# Task statement
Pictures stay out. Extract the lines below from the first one through the line with "May include: Two", both included.

[Stored data entries]

┄┄┄┄┄┄┄┄┄┄┄┄┄┄┄┄┄┄┄┄

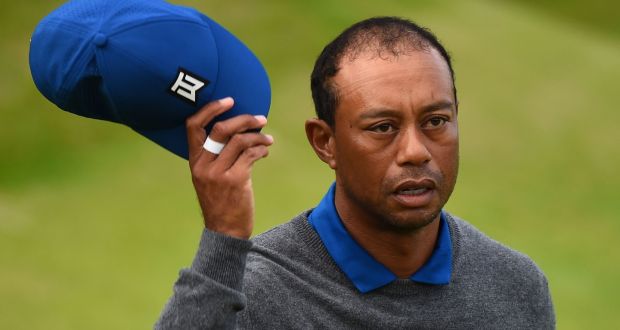 US golfer Tiger Woods reacts after finishing the 18th hole during the first round of the British Open. Photograph: Getty Images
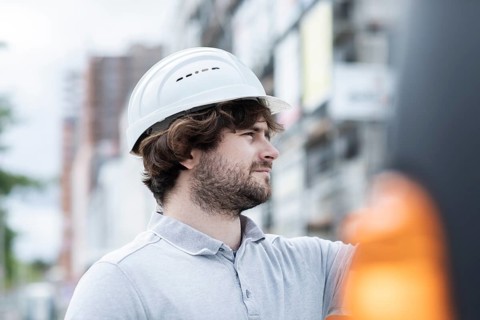 Technician with beard middle aged and working outside with polo shirt and helmet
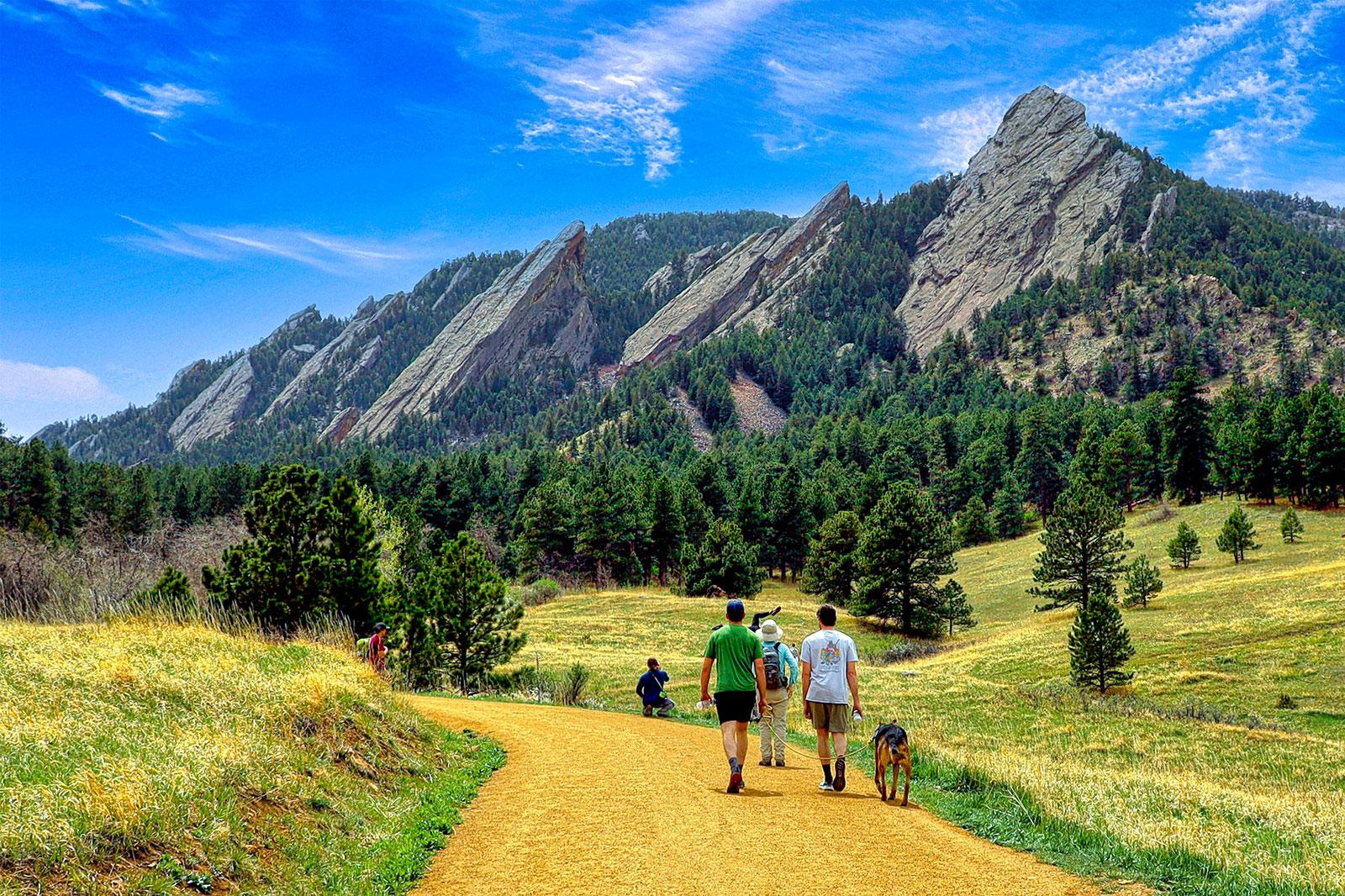 People hiking in front of mountains.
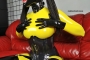 yellow-black-latex-doll-on-leather-sofa-4-40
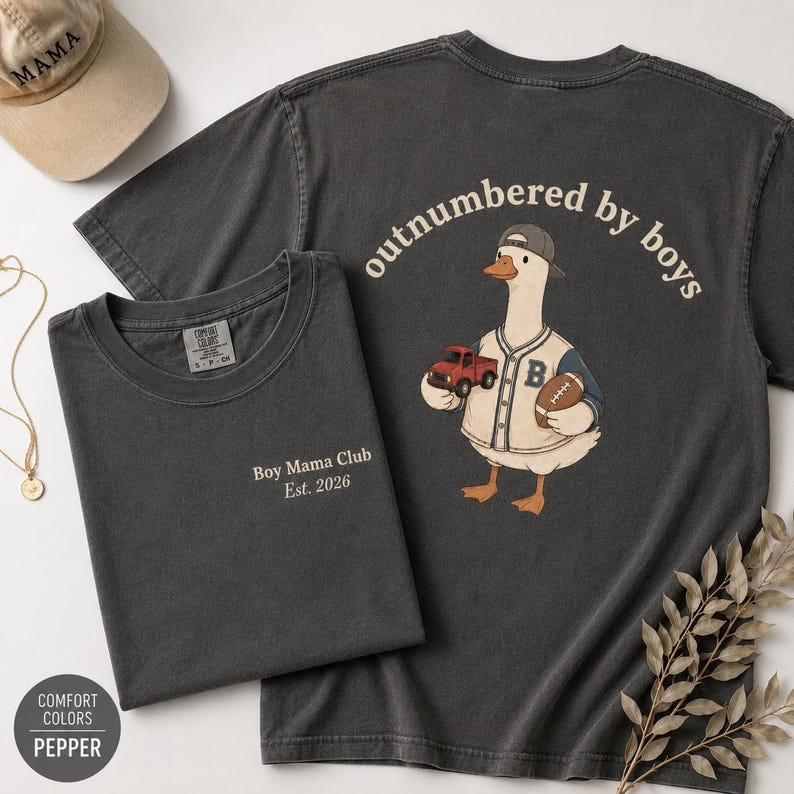 May include: Two charcoal gray t-shirts with white text and a baseball cap. One shirt says "Boy Mama Club Est. 2026". The other shirt has a goose wearing a baseball uniform and the text "outnumbered by boys".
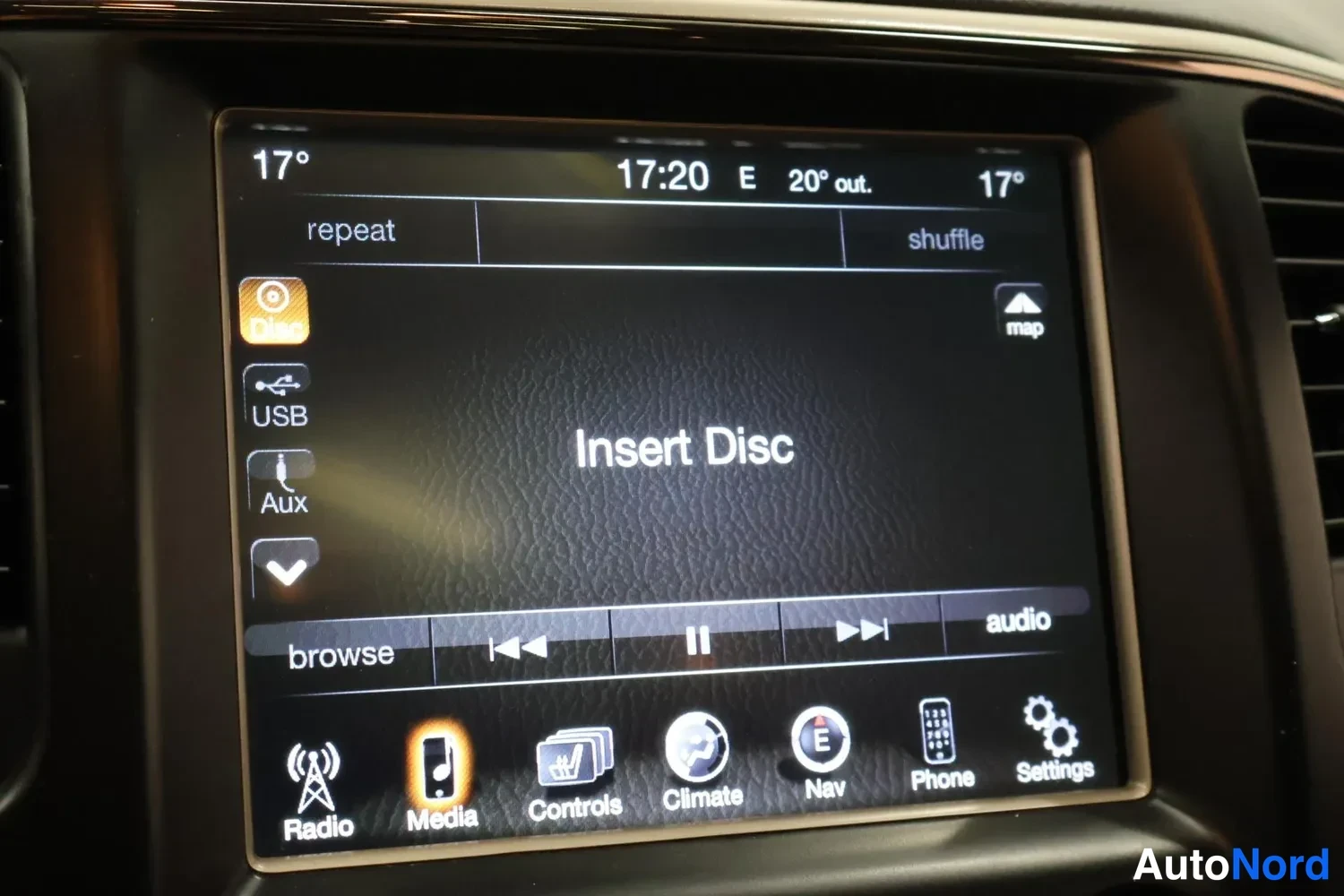 Yksityiskohta: Radiopaneelin kosketusnäyttö musiikkinäytöllä, teksti 'Insert Disc', valikot Radio, Media, Controls, Climate, Nav, Phone ja Settings.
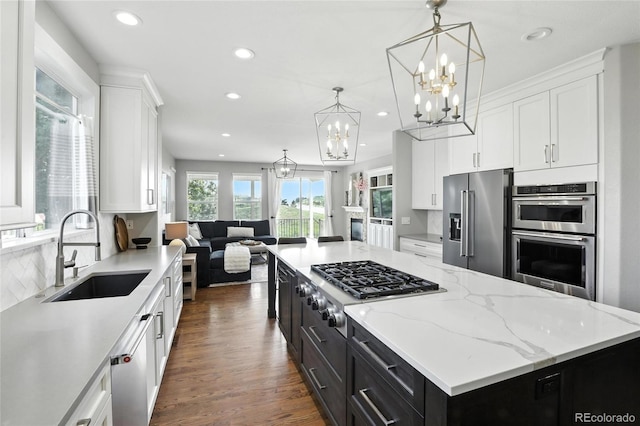 10601 Chadsworth Ln, Highlands Ranch, CO 80126 - kitchen featuring stainless steel appliances, a chandelier, white cabinetry, recessed lighting, and dark cabinets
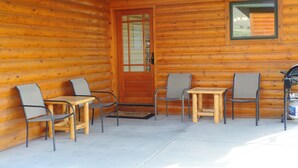 A log cabin with a wooden exterior, a glass door, and a small patio area with two tables and four chairs. - THE EAGLES NEST with SPECTACULAR MOUNTAIN & YELLOWSTONE RIVER VIEWS  (Gardiner)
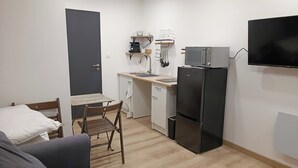 A compact kitchen with a built-in microwave, a refrigerator, a dining table with chairs, and a TV mounted on the wall.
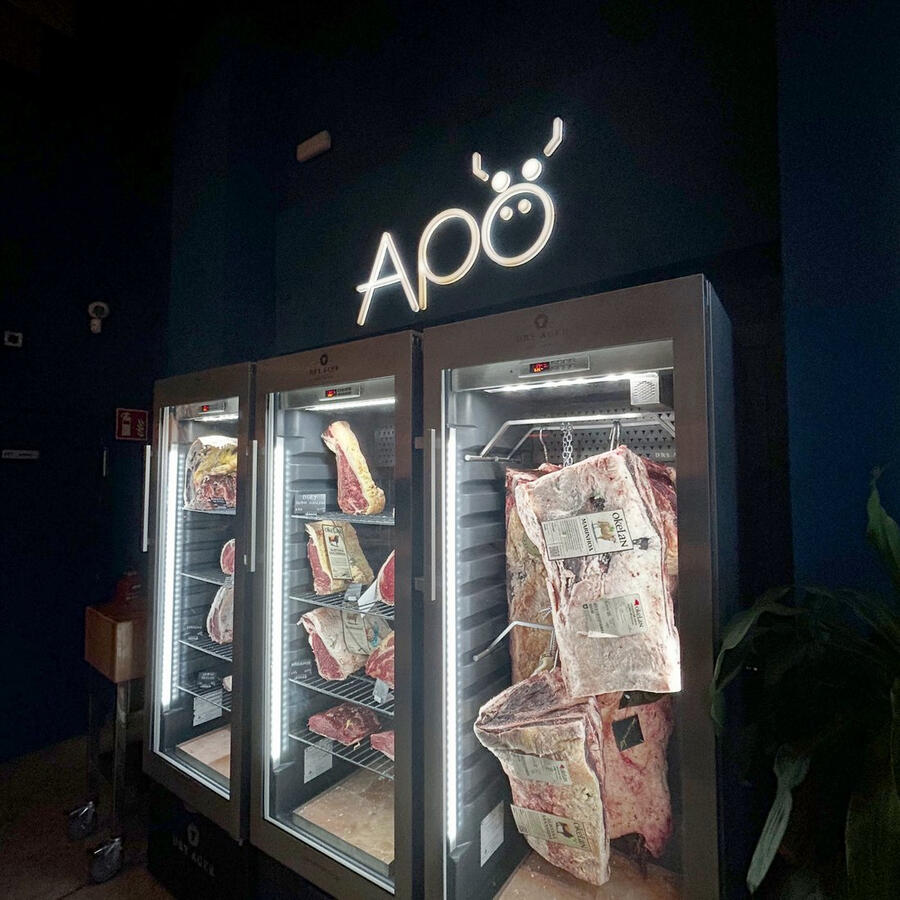 Cámaras de maduración Dry Ager de Apö con piezas de distintas razas de vacuno mayor etiquetadas, bajo el logo del restaurante en Granada
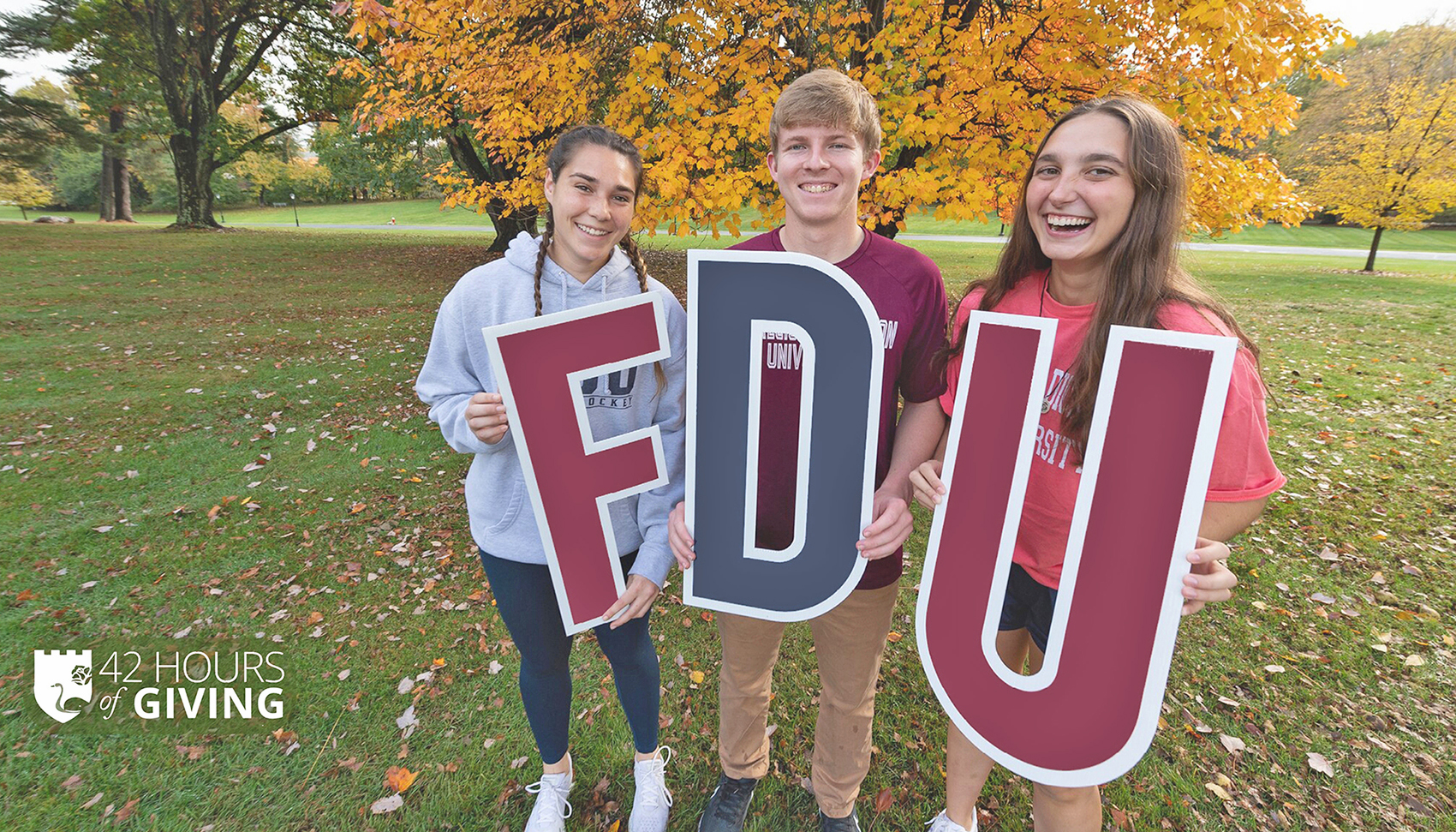 Three students hold up signs that spell out F-D-U.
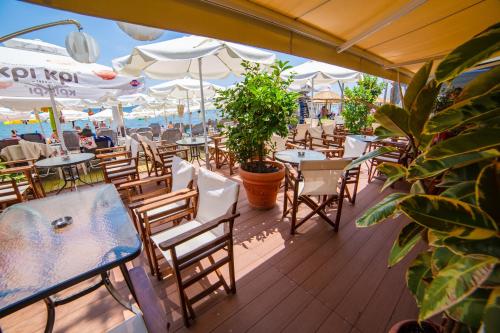 restauracja na świeżym powietrzu ze stołami, krzesłami i parasolami w obiekcie THEMIS BEACH w Paralii Katerinis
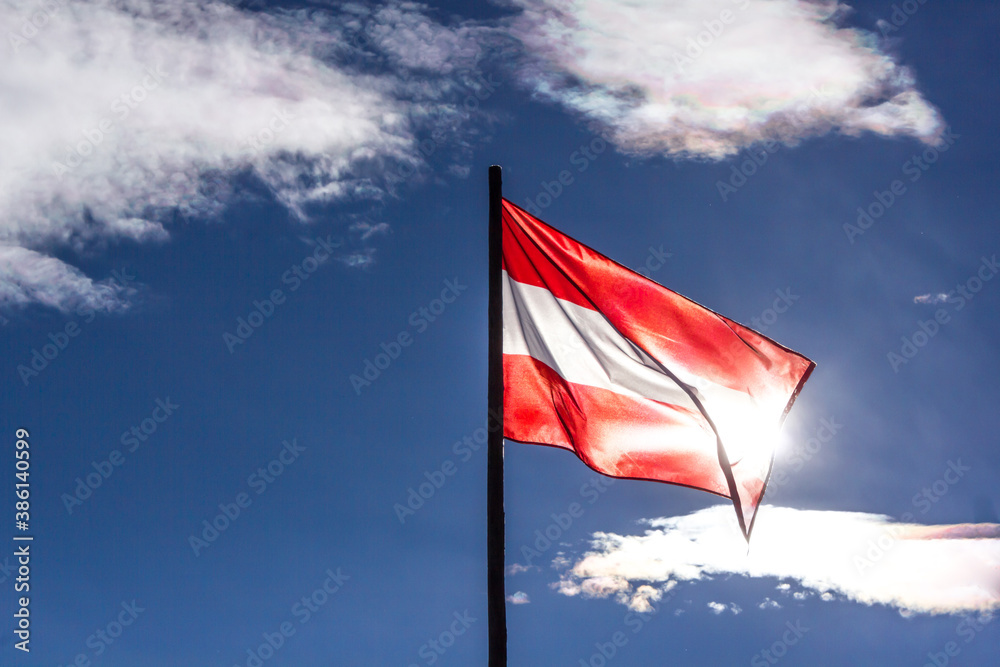 Waving flag of Austria backlit by the sun and with blue sky in the background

┄┄┄┄┄┄┄┄┄┄┄┄┄┄┄┄┄┄┄┄

# Exercise answer
 US golfer Tiger Woods reacts after finishing the 18th hole during the first round of the British Open. Photograph: Getty Images
 Technician with beard middle aged and working outside with polo shirt and helmet
 People hiking in front of mountains.
 yellow-black-latex-doll-on-leather-sofa-4-40
 May include: Two charcoal gray t-shirts with white text and a baseball cap. One shirt says "Boy Mama Club Est. 2026". The other shirt has a goose wearing a baseball uniform and the text "outnumbered by boys".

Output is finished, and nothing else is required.